Sama główna bohaterka jest bardzo sympatyczną dziewczyną, gdyz na MS można z nią porozmawiać :)
_________________ UL: 85-110 dB, Phonak Naida S III UP
UP: Cochlear Nucleus Freedom Hybrid - 23.03.2009
Zdolność mówienia należy do wrodzonych praw naturalnych każdego dziecka. Dla głuchego dziecka stanowi ona realną szansę utrzymywania kontaktu z otoczeniem.
Jest taka strona www.myspace.com tam z nią porozmawiałam po niemiecku. Bardzo sympatyczna i uprzejma dziewczyna
_________________ UL: 85-110 dB, Phonak Naida S III UP
UP: Cochlear Nucleus Freedom Hybrid - 23.03.2009
Zdolność mówienia należy do wrodzonych praw naturalnych każdego dziecka. Dla głuchego dziecka stanowi ona realną szansę utrzymywania kontaktu z otoczeniem.

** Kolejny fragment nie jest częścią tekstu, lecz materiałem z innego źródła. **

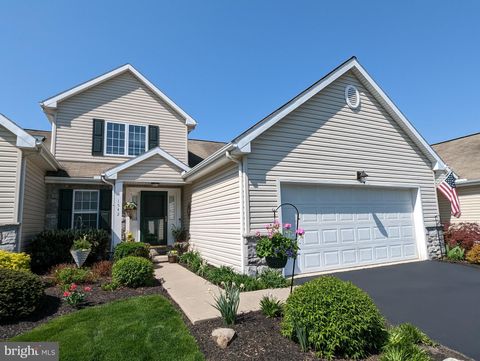 Photo of 1542 HICKORY RUN CT, ELIZABETHTOWN, PA 17022 (MLS # PALA2033902)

_________________ UL: 85-110 dB, Phonak Naida S III UP
UP: Cochlear Nucleus Freedom Hybrid - 23.03.2009
Zdolność mówienia należy do wrodzonych praw naturalnych każdego dziecka. Dla głuchego dziecka stanowi ona realną szansę utrzymywania kontaktu z otoczeniem.
Szczerze powiem, że nigdy się bym nie interesowałam ale miło wiedzieć, że coś takiego jest ;)
_________________ Trzeba przyznać, że pożyczka bez BIK są coraz dużo przystępne - BIK nie jest instytucją, która o wszystkim Polaku ma pozytywną opinię.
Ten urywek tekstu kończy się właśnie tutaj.